На рынках появились целые ряды, где бойко торговали цыплятами, крольчатами, козлятами. Обзавестись такого рода хозяйством было несложно. Это поощрялось. Широко выпускались разнообразные пособия по домашнему животноводству, в которых доступно разъяснялось, как лучше все организовать в хозяйстве.
У кого был доступ к помоям, к каким-нибудь пищевым отходам общепита или имелась лишняя картошка (мелочь, обрезки, мороженая), те держали поросят. Их откармливали «на сало». Так они и вес набирают быстрее, и соленое сало могло долго лежать. Его можно было есть и так просто, с хлебом, как бутерброд, и в кашу накрошить, и в щи, и с картошкой пожарить.
На рынок с таким товаром явиться было не зазорно. Выменять на кусок сала можно было что угодно. Сальцо «стояло в хорошей цене». Но возни с поросятами выходило больше именно из-за проблем с откормом. Это был в основном сельский промысел, в городе немногие брались.

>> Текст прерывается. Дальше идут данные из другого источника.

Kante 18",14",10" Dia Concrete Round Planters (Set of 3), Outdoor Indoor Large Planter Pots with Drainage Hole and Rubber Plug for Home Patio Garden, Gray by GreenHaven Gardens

К 1944 году цену на сало немного сбил «лярд». Так на русский лад называли лард – топленое свиное сало в банках, аналог украинского смальца, продукт, поставлявшийся союзниками-американцами по ленд-лизу. Все эти словечки тогда быстро освоили. Однако ж сало оставалось салом. Особенно оно ценилось у людей простых, не допущенных к ленд-лизовским благодатям вроде американской тушенки, консервированных сосисок, колбасного фарша в банках и яичного порошка.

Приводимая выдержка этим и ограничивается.